When using these headers as the basis for filtering spam, precautions must
be taken by the spam filter to minimize false positives and to prevent
header forgery from having a negative impact on the filter.  This is the
primary function of the configuration file; issues and possible concerns
are addressed there.


3.2 Why RBL's are good

The primary advantage of RBL's is that they are updated in real time.
The people who maintain RBL's spend considerable time collecting data on
known spammers.  When the IP blocks that spammers use are discovered, they
are immediately blacklisted.  Traditional rule-based filters will become
obsolete over time.

The processing time required to check an RBL is negligible.  Lookups can be
performed in parallel.  Unfortunately, in most implementations, they are
checked synchronously and have funky timeout rules.


3.3 The setup

rblsd runs as a daemon and accepts incoming connections (don't worry -- you
can assign strict access rules to it via the configuration file).  Recent
versions of SpamAssassin are set up to do the exact same thing, which avoids
the overhead of loading the perl interpreter and interpreting the whole mess
of scripts involved.  Mail is piped into a small C program called 'spamc'.
This establishes a connection to the server and sends the mail to the server
to be processed.  The server processes the message and makes a response to
the client, which pipes out the processed message.

Generally, both programs (spamc and spamd) run on the same machine, so there
are not many security concerns.  Messages can be processed remotely over SSL,
but rblsd does not yet support secure connections.  See the section on spamc2
for more information on using spamc with rblsd, and possibly with SpamAssassin.

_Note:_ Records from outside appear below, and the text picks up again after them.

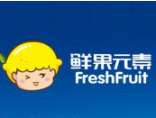 鲜果元素水果饮品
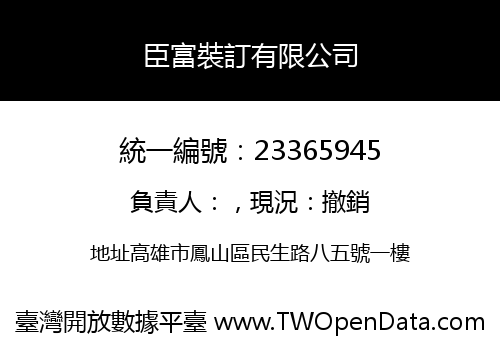 臣富裝訂有限公司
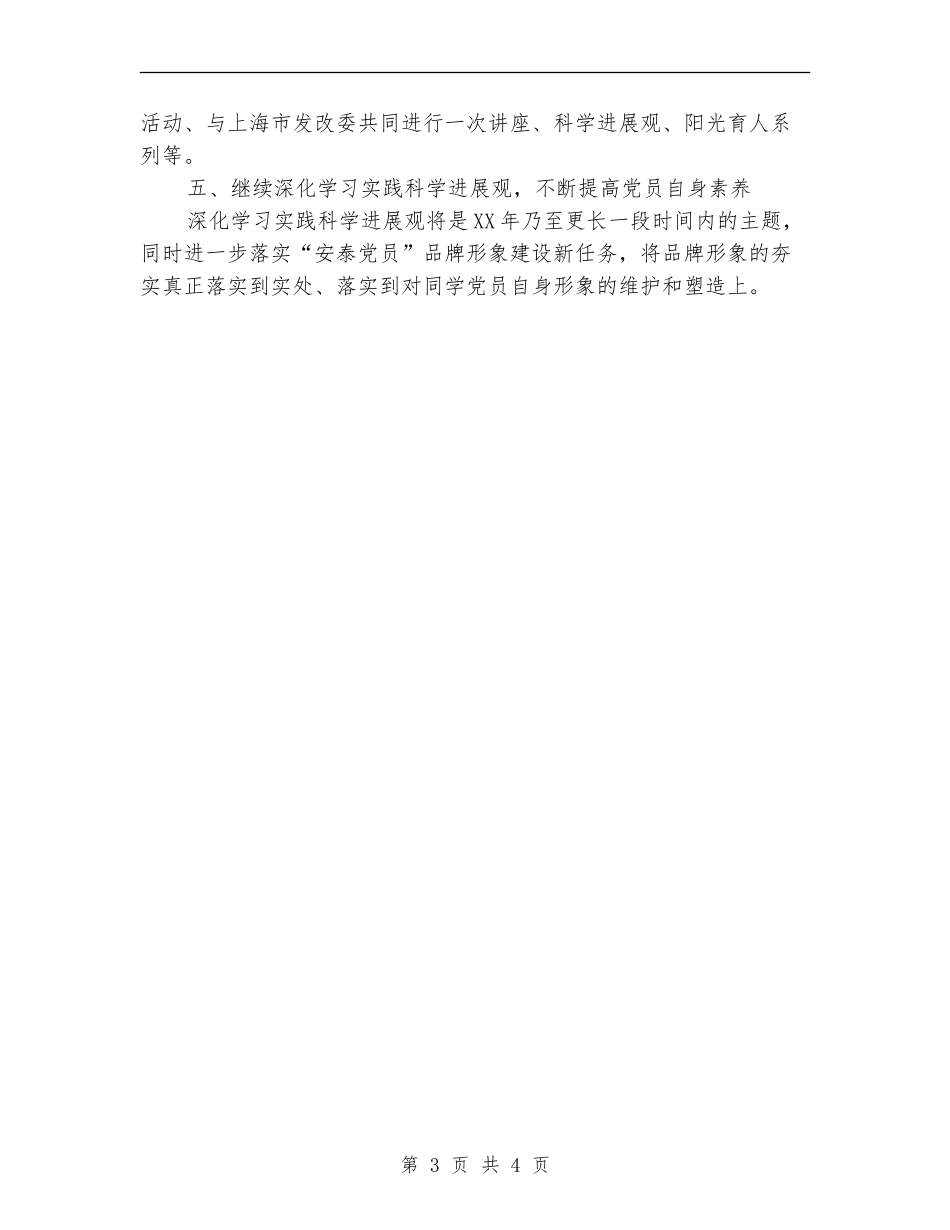 2024年班党支部工作计划.doc_第3页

When rblsd detects that a message is spam it can do a number of things to
identify it as such.  The behavior is decided in the configuration file.
rblsd will always add the header "X-Spam-Flag: YES" to mail that it identifies
as spam.  It can also be configured to do any combination of the following:

- Prepend a string (such as "**SPAM**") to the subject of the message.
- Prepend several lines of text, explaining why the message was marked as spam
  to the beginning of the message body.
- Add a set of headers to the message that identify (generally for user-side
  email filters) the message as spam, and provide more information, such as the
  score.
- Neutralize message text (change the content-type from text/html to text/plain)

After messages are tagged by rblsd, the server or the client's software must be
configured to filter out messages that bear the markings left by rblsd.



4. config.h

The entire configuration was previously localized to this file, but this is no
longer the case.  Only two things are set here now.

The first is an option to determine the location of the configuration file.
If you want to put rblsd.conf somewhere other than the /etc/ directory, set
the path here.  Note that absolute paths are strongly recommended, and you
cannot use tildes ('~').  The default configuration file can be overridden
with the -f flag on the command line.

The second is an option to use syslog.  By default, rblsd logs its messages
to standard error.  To change this so that it logs to syslog, change the line
from
	//#define USE_SYSLOG
to
	#define USE_SYSLOG

and set the syslog facility that you want to use (just change it from LOG_MAIL).

After modifying these options, you can continue to the compile step of
the installation (see INSTALL for full instructions).



5. rblsd.conf

This section provides specific details about the syntax of the configuration
file.  It should also clear up a few of the hairy points on how rblsd
works (and in turn, what some of those configuration parameters actually
mean).  Most of the configuration parameters are documented in the version
of rblsd.conf distributed with this file.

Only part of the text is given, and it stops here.